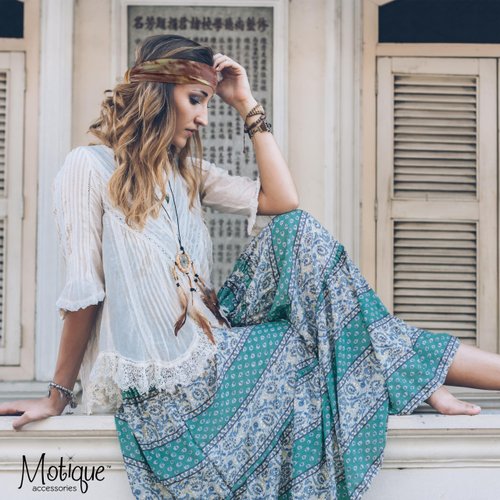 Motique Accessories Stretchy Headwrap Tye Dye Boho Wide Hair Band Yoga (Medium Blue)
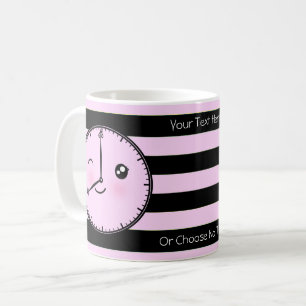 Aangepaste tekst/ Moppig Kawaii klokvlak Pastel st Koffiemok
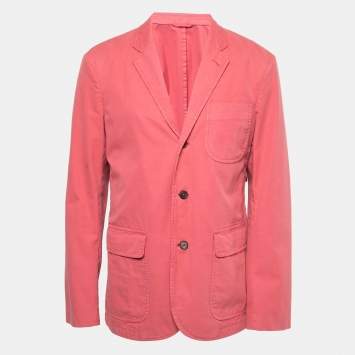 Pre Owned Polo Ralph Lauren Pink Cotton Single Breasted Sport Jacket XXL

|---|

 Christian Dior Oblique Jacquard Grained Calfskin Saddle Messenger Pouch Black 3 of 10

|---|

## Work request
Extract the part of the records that opens with the line containing "Aangepaste tekst/ Moppig" and closes with the line containing "Pre Owned Polo". Take only those lines, exactly, and no pictures.

## Response
 Aangepaste tekst/ Moppig Kawaii klokvlak Pastel st Koffiemok
 Pre Owned Polo Ralph Lauren Pink Cotton Single Breasted Sport Jacket XXL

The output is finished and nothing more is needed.